We searched the Cochrane Central Register of Controlled Trials, MEDLINE and EMBASE (last search in November 2014) and the reference lists of published articles. We looked for conferences abstracts and trials in progress and placed no constraints on language or publication status.

Selection criteria: 

We included all randomized studies that compared sub-Tenon's anaesthesia versus topical anaesthesia for cataract surgery.

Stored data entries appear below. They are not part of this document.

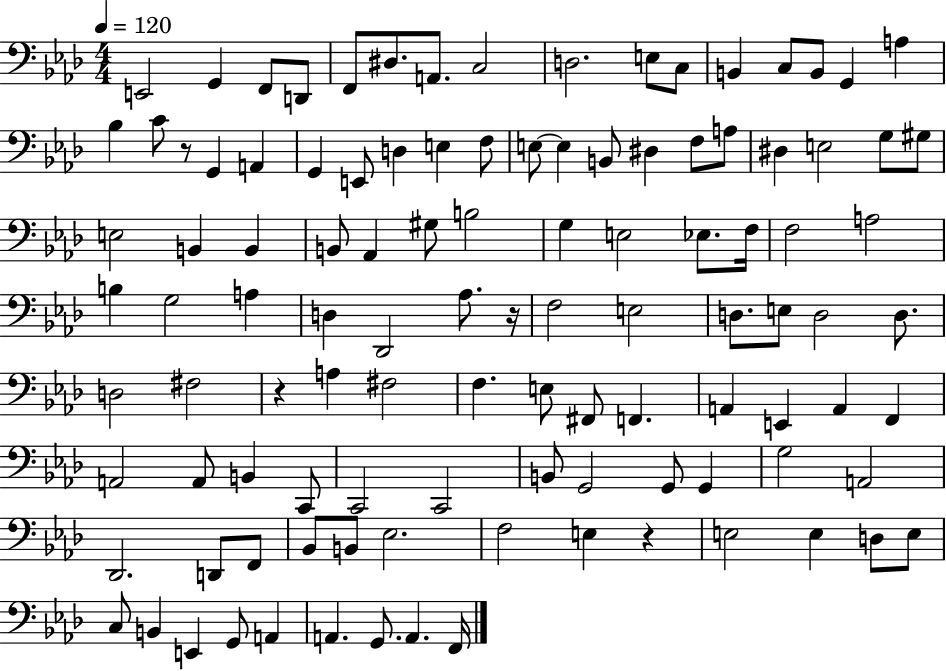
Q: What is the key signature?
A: AES major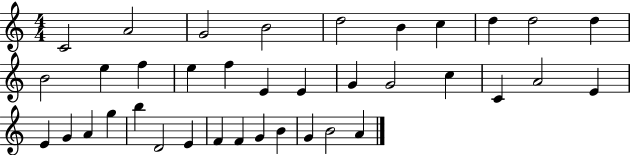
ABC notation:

X:1
T:Untitled
M:4/4
L:1/4
K:C
C2 A2 G2 B2 d2 B c d d2 d B2 e f e f E E G G2 c C A2 E E G A g b D2 E F F G B G B2 A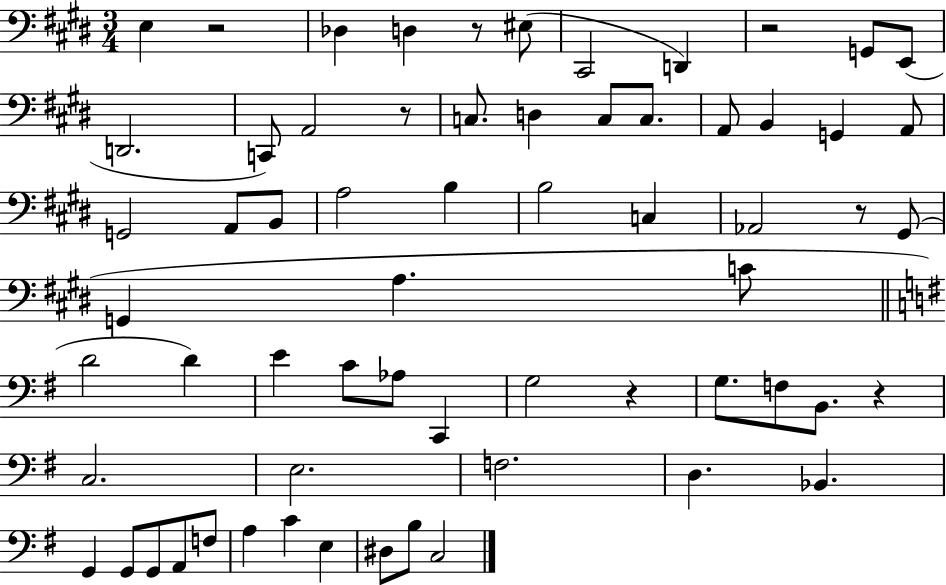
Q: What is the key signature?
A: E major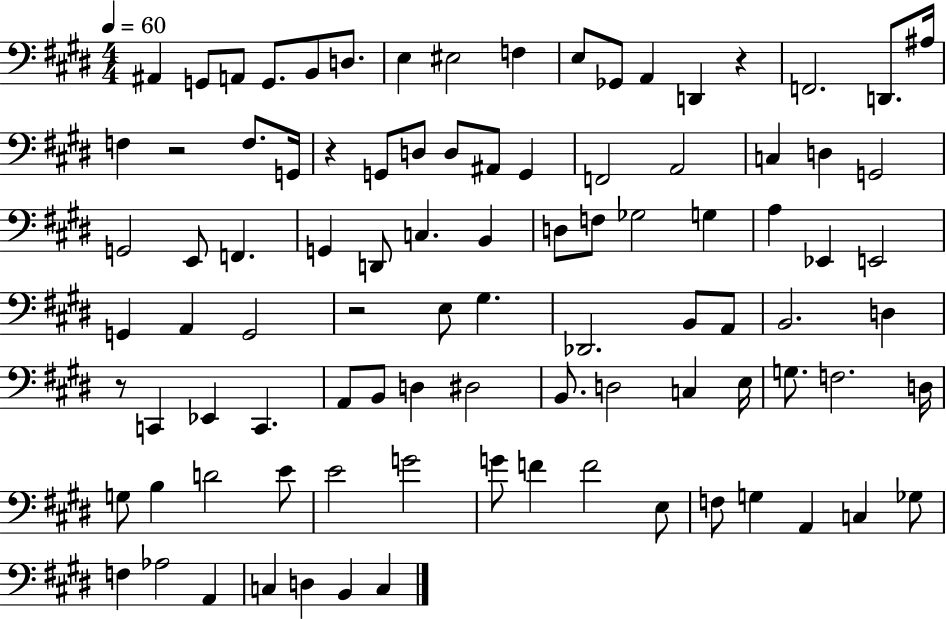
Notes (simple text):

Data collection and analysis: 

We assessed trial quality and extracted data in the format allowing maximal data inclusion.

Main results: 

We included eight studies in this updated review but could retain in the analysis only seven studies on 742 operated eyes of 617 participants. Two cross-over trials included 125 participants, and five parallel trials included 492 participants. These studies were published between 1997 and 2005. The mean age of participants varied from 71.5 years to 83.5 years. The female proportion of participants varied from 54% to 76%. Compared with sub-Tenon's anaesthesia, topical anaesthesia (with or without intracameral injection) for cataract surgery increases intraoperative pain but decreases postoperative pain at 24 hours. The amplitude of the effect (equivalent to 1.1 on a score from 0 to 10 for intraoperative pain, and to 0.2 on the same scale for postoperative pain at 24 hours), although statistically significant, was probably too small to be of clinical relevance. The quality of the evidence was rated as high for intraoperative pain and moderate for pain at 24 hours. We did find differences in pain during administration of local anaesthetic (low level of evidence), and indications that surgeon satisfaction (low level of evidence) and participant satisfaction (moderate level of evidence) were less with topical anaesthesia. There was not enough evidence to say that one technique would result in a higher or lower incidence of intraoperative complications compared with the other.